# TASK INSTRUCTIONS
Every line from the start of the records below to the line containing "Desenho de linha" should be retyped exactly, that line included, and no others.

# SOURCE DATA
= = =
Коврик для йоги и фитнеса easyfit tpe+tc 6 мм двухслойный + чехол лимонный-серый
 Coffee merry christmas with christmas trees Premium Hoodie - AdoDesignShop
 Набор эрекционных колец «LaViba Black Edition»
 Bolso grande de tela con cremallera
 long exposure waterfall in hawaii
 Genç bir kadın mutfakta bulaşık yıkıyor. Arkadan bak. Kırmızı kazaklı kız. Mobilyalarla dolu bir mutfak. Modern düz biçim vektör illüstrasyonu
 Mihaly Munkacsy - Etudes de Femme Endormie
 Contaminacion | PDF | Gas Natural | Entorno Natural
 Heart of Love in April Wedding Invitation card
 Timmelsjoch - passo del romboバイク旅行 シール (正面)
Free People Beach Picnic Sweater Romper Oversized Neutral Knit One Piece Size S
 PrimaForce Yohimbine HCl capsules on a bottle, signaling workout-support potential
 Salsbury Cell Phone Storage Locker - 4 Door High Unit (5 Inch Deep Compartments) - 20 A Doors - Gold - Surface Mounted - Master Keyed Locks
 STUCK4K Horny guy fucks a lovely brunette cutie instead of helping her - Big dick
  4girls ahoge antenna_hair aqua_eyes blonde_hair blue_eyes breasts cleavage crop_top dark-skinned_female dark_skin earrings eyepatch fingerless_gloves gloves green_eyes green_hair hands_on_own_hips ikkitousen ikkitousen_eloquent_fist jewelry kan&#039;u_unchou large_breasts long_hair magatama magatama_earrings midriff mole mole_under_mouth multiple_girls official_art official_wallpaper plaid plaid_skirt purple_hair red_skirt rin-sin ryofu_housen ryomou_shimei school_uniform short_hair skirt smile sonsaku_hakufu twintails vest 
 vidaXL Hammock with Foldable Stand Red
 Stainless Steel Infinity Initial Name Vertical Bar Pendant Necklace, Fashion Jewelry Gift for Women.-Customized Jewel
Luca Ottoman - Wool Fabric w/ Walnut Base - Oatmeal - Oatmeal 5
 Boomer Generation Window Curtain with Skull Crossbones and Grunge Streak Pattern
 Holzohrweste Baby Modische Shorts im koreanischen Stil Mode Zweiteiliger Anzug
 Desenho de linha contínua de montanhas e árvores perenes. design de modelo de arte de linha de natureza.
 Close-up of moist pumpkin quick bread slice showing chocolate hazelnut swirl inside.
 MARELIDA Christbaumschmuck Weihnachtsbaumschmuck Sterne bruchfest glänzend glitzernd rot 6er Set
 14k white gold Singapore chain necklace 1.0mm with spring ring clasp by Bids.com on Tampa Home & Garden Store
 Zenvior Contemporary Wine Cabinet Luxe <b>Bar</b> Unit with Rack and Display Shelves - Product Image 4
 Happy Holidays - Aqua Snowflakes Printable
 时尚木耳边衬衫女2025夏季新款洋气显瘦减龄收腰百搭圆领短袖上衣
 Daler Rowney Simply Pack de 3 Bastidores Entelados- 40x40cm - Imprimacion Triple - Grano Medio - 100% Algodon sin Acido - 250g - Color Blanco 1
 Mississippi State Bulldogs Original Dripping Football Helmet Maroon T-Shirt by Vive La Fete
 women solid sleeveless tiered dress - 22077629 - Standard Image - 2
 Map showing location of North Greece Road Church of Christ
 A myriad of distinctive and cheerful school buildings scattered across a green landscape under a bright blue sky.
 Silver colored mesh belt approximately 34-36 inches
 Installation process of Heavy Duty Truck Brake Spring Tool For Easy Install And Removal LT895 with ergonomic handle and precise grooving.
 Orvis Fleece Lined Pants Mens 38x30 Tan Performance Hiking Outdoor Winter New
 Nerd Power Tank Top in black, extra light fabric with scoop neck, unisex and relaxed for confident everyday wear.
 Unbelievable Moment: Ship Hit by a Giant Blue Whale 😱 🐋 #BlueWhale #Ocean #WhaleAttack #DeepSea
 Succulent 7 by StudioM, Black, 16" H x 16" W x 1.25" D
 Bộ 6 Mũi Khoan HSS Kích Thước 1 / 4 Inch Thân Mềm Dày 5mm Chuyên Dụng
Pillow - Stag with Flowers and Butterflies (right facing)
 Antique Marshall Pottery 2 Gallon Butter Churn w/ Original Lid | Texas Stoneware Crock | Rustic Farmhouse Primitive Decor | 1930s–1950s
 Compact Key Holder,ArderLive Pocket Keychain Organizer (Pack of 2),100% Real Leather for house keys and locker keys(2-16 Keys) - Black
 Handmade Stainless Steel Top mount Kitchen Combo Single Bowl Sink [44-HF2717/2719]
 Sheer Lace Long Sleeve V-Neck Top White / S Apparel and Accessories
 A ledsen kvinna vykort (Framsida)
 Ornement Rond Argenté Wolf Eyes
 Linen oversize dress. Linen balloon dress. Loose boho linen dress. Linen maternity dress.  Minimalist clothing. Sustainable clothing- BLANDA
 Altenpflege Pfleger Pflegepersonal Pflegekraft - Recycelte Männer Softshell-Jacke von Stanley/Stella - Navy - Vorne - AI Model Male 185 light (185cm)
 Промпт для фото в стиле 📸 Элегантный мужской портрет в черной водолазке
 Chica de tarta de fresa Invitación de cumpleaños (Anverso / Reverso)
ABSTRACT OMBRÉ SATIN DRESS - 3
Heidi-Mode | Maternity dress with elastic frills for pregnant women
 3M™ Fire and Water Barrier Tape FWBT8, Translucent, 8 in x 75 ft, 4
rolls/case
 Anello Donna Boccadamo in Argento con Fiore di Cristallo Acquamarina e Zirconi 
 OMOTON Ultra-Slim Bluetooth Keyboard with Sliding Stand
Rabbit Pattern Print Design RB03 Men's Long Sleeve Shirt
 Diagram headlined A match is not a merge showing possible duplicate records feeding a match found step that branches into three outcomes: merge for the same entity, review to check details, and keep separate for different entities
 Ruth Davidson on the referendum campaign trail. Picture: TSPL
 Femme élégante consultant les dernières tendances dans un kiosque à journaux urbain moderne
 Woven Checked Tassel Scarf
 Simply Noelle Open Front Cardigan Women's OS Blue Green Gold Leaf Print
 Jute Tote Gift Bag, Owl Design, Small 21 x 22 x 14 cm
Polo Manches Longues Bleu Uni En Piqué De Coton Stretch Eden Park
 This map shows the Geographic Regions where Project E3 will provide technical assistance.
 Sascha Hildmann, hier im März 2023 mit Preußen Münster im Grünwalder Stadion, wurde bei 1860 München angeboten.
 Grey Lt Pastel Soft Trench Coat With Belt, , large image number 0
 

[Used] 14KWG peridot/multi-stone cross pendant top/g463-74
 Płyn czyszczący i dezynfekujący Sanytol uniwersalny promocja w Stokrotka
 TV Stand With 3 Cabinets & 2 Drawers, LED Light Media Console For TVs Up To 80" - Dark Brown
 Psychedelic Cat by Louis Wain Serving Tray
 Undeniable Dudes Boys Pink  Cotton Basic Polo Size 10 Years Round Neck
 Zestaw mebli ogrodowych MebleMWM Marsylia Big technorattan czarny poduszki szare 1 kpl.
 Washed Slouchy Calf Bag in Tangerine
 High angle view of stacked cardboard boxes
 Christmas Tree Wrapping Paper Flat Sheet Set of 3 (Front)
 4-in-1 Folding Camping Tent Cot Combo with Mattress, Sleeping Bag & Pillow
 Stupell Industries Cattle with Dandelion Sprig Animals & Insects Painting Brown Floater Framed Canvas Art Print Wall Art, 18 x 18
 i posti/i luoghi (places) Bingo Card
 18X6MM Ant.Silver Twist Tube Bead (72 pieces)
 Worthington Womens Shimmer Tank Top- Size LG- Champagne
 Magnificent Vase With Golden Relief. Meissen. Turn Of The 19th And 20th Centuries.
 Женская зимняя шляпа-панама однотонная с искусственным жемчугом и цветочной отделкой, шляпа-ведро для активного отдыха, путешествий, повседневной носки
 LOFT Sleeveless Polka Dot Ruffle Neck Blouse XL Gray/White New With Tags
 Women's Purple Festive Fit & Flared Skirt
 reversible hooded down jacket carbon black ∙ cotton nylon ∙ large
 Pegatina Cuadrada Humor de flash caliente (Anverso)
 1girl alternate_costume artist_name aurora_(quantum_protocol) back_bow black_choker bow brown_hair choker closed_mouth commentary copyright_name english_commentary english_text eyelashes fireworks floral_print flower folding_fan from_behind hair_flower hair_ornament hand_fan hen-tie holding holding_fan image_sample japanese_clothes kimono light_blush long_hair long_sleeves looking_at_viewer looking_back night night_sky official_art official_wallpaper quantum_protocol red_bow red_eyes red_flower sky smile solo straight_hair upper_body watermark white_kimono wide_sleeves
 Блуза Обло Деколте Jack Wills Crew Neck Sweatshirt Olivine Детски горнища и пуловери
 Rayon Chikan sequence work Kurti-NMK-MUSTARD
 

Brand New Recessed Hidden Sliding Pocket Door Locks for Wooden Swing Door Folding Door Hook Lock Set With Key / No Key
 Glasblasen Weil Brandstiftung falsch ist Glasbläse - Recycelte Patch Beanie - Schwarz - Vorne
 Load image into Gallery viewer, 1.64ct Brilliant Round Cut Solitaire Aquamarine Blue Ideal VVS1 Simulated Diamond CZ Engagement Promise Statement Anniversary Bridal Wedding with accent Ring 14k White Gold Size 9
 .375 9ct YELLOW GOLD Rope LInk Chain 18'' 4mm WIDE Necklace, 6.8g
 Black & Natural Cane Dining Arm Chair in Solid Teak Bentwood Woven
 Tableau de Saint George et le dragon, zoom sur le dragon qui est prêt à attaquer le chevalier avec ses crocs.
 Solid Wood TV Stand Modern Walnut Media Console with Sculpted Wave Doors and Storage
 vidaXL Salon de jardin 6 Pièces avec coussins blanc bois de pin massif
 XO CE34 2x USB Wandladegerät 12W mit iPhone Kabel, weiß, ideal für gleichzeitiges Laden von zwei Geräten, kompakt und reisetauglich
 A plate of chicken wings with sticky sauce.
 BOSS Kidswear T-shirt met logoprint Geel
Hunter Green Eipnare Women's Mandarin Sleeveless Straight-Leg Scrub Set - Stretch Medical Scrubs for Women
= = =
# THE COMPLETED TASK
Коврик для йоги и фитнеса easyfit tpe+tc 6 мм двухслойный + чехол лимонный-серый
 Coffee merry christmas with christmas trees Premium Hoodie - AdoDesignShop
 Набор эрекционных колец «LaViba Black Edition»
 Bolso grande de tela con cremallera
 long exposure waterfall in hawaii
 Genç bir kadın mutfakta bulaşık yıkıyor. Arkadan bak. Kırmızı kazaklı kız. Mobilyalarla dolu bir mutfak. Modern düz biçim vektör illüstrasyonu
 Mihaly Munkacsy - Etudes de Femme Endormie
 Contaminacion | PDF | Gas Natural | Entorno Natural
 Heart of Love in April Wedding Invitation card
 Timmelsjoch - passo del romboバイク旅行 シール (正面)
Free People Beach Picnic Sweater Romper Oversized Neutral Knit One Piece Size S
 PrimaForce Yohimbine HCl capsules on a bottle, signaling workout-support potential
 Salsbury Cell Phone Storage Locker - 4 Door High Unit (5 Inch Deep Compartments) - 20 A Doors - Gold - Surface Mounted - Master Keyed Locks
 STUCK4K Horny guy fucks a lovely brunette cutie instead of helping her - Big dick
  4girls ahoge antenna_hair aqua_eyes blonde_hair blue_eyes breasts cleavage crop_top dark-skinned_female dark_skin earrings eyepatch fingerless_gloves gloves green_eyes green_hair hands_on_own_hips ikkitousen ikkitousen_eloquent_fist jewelry kan&#039;u_unchou large_breasts long_hair magatama magatama_earrings midriff mole mole_under_mouth multiple_girls official_art official_wallpaper plaid plaid_skirt purple_hair red_skirt rin-sin ryofu_housen ryomou_shimei school_uniform short_hair skirt smile sonsaku_hakufu twintails vest 
 vidaXL Hammock with Foldable Stand Red
 Stainless Steel Infinity Initial Name Vertical Bar Pendant Necklace, Fashion Jewelry Gift for Women.-Customized Jewel
Luca Ottoman - Wool Fabric w/ Walnut Base - Oatmeal - Oatmeal 5
 Boomer Generation Window Curtain with Skull Crossbones and Grunge Streak Pattern
 Holzohrweste Baby Modische Shorts im koreanischen Stil Mode Zweiteiliger Anzug
 Desenho de linha contínua de montanhas e árvores perenes. design de modelo de arte de linha de natureza.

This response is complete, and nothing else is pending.